IIUC, you can manually scale:
mm, MM = inputs.min(axis=(1,2)), inputs.max(axis=(1,2))
# save these for later use
joblib.dump((mm,MM), 'minmax.joblib')
def scale(inputs, mm, MM):
return (inputs - mm[:,None,None])/(MM-mm)[:,None,None]
# load pre-saved min & max
mm, MM = joblib.load('minmax.joblib')
# scaled inputs
scale(inputs, mm, MM)
I have a python 4D array with a general structure of:
tdata = [sample, x, y, channel]
with overarching dimensions of [10000, 5, 5, 12]

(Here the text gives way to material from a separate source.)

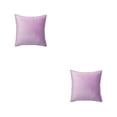thumbnail image 3 of Naiovety Funda de cojín de asiento Funda de almohada Morado claro Púrpura claro 50x50cm 2piezas, 3 of 6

and I would like to do either a minmaxscaler, or a standardscaler on the data. The problem is that both scalers only accepts 2D data. If I wanted to scale across each [x,y] 2D channel for every sample, is there an efficient way of doing this opposed to trying:
for i in range(0,len(sample)):
for j in range(0,len(channel)):
transformed_tdata[i,:,:,j] = scaler.fit(tdata[i,:,:,j])
But then wouldn't each sample be independently scaled for each channel?
You're on the right track. If you want a scaler for each channel, you can reshape each channel of the data to be of shape (10000, 5*5). Each channel (which was previously 5x5) is now a length 25 vector, and the scaler will work. You'll have to transform your evaluation data in the same way with the scalers in channel_scalers.
import numpy as np
from sklearn.preprocessing import MinMaxScaler
n_channels = 12
tdata = np.random.rand(10000, 5, 5, n_channels)
tdata_transformed = np.zeros_like(tdata)
channel_scalers = []
for i in range(n_channels):
mmx = MinMaxScaler()
slc = tdata[:, :, :, i].reshape(10000, 5*5) # make it a bunch of row vectors
transformed = mmx.fit_transform(slc)
transformed = transformed.reshape(10000, 5, 5) # reshape it back to tiles
tdata_transformed[:, :, :, i] = transformed # put it in the transformed array
channel_scalers.append(mmx) # store the transform